Danach werden Asylbewerber ohne gültige Ausweispapiere, die für das Fehlen keine glaubwürdige Erklärung liefern können, innerhalb 48 Stunden des Landes verwiesen.
Abgewiesene Asylsuchende, deren Rekursmöglichkeiten ausgeschöpft sind, werden von den Sozialhilfeleistungen ausgeschlossen und erhalten nur Nothilfe.
Abgewiesene Asylsuchende, welche das Land nicht verlassen, können mit bis zu 2 Jahren Haft bestraft werden.
2007 wurden in der Schweiz von den insgesamt 10’390 Anträgen 1561 positiv beantwortet.
Fernand Melgar wurde 1961 in Tanger in Marokko geboren. Seine Eltern stammen aus Spanien.
1962 emigrierte sein Vater in die Schweiz, wo er als Saisonnier arbeitete. Ein Jahr später liess er heimlich seine Familie nachkommen.
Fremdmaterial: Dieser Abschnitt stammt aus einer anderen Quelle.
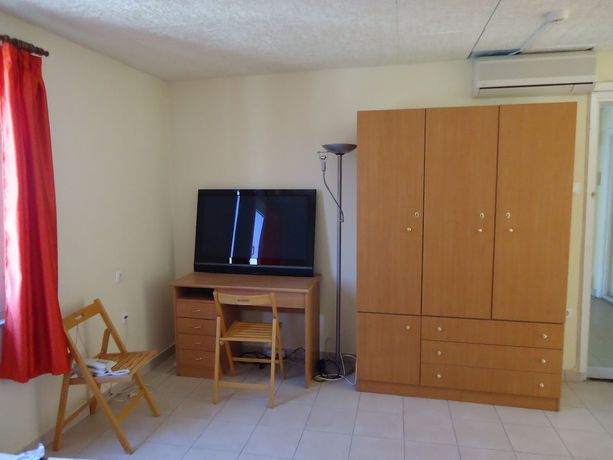 Imagen de la habitación del Hotel Athens International Youth and Hostel. Foto 14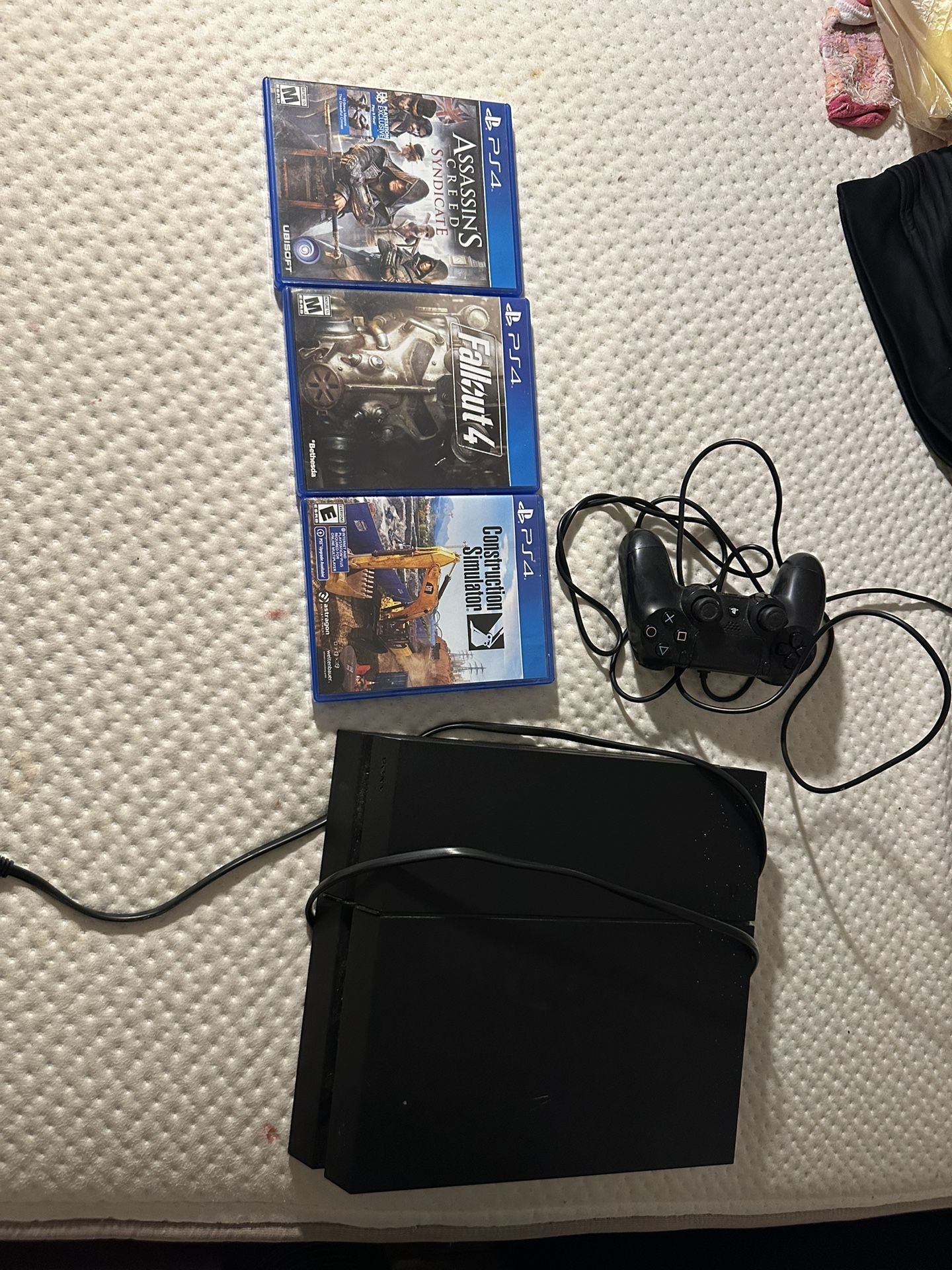 PS4 With 3 Games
Aus Angst, ausgeschafft zu werden, hielten sich Fernand Melgar und seine Schwester in der Wohnung auf, bis die Eltern eine Aufenthaltsbewilligung erhielten.
Seit 1985 gehört Melgar der unabhängigen Produktionsfirma Climage an.
Sein letzter Dok-Film «EXIT- das Recht zu Sterben» erhielt neben dem Schweizer Filmpreis 2006 verschiedene internationale Auszeichnungen.